Bei einer schwierigen Entscheidung wählen die meisten Menschen die Option, die den sichersten Ausgang verspricht. Denn es scheint nur drei mögliche Ergebnisse zu geben: Eine Option ist besser, schlechter oder gleich gut wie die andere. Deswegen übernimmt die Vernunft die Entscheidung und bezieht sich auf das, was jemand anderer gesagt hat oder das objektiv gesehen besser als das andere ist.

Um subjektiv gute Entscheidungen zu treffen, braucht es also eine weitere Ebene. Es braucht eine Wahlmöglichkeit, die jenseits von besser oder schlechter oder gleich existiert. Es braucht eine Option, die am besten zu Ihren Werten passt und die Ihnen dabei hilft zu leben, wer Sie wirklich sind.

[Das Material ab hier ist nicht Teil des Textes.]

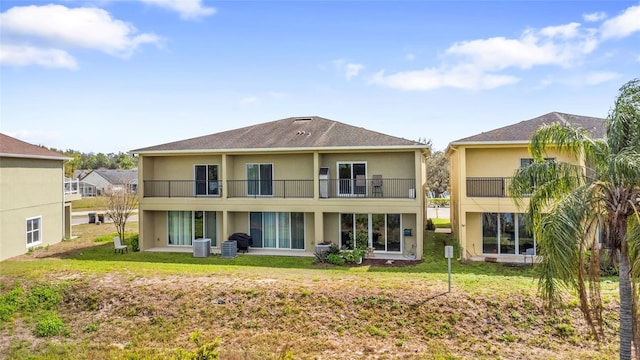 back of house featuring a lawn, a balcony, and stucco siding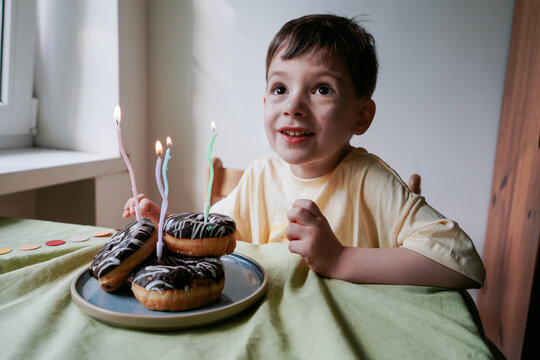 A Little Boy Celebrates His Birthday In A Homey Atmosphere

Nun ist es normalerweise leichter gesagt als getan, zu beurteilen, ob das Ergebnis einer Entscheidung mit den eigenen Werten übereinstimmt. Wir Menschen sind nun mal komplexe Geschöpfe und die eigene Wertehierarchie ist nicht immer geradlinig oder sichtbar. Dazu kommt, dass es aufregend ist, Bereiche und Möglichkeiten von uns selbst zu erkunden, die keine offensichtliche Verbindung zu dem haben, wer oder was wir als Person gerade repräsentieren. Eine neue Richtung anzunehmen, die zu unserer aktuellen Identität passt, ist allerdings in den meisten Fällen trotzdem leichter als alles Momentane einfach über Bord zu werfen und eine vollkommen neue Richtung einzuschlagen.

Wenn eine Option zu weit von dem entfernt liegt, was wir gerade sind, kann der Preis für das Erreichen einer neuen Identität zu hoch sein. Ich meine damit nicht, dass Sie Ergebnisse von Entscheidungen, die erheblich von Ihrer aktuellen Identität abweichen, automatisch übergehen sollten. Aber Sie sollten dabei immer die Kosten für Ihre wichtigsten Beziehungen und das eigene Selbstgefühl untersuchen, bevor Sie den Sprung wagen.

Letztendlich bleibt jedes Ergebnis einer Entscheidung hinter unseren Erwartungen zurück, wenn die Arbeit und die Zeit, die wir darin investieren, nicht in die Richtung unserer tiefsten Glaubensvorstellungen und unserer tief verwurzelten Werte geht.

Wie Sie schwere Entscheidungen treffen, liegt letztlich immer nur an Ihnen selbst. Aber wenn Sie ehrlich zu sich sind und sich mal bewusst umsehen, werden Sie sehen können, dass die meisten Menschen, die nicht ihren persönlichen Werten folgen, unglücklich sind und sich oft treiben lassen. Sie erlauben anderen, die Geschichte ihres Lebens zu schreiben.

Anstatt einer Quelle von Qual und Furcht können gerade schwierige Entscheidungen zu einer kostbaren Ressource für Sie werden. Sie können so beginnen, sich selbst besser kennenzulernen und in Ihrem Inneren die wahren Gründe finden, die zeigen, ob Ihre Entscheidung für Sie und Ihren Weg richtig oder falsch ist. Sie alleine haben die Macht, Entscheidungen so zu wählen, dass Sie so der einzigartige Mensch werden, der Sie sind.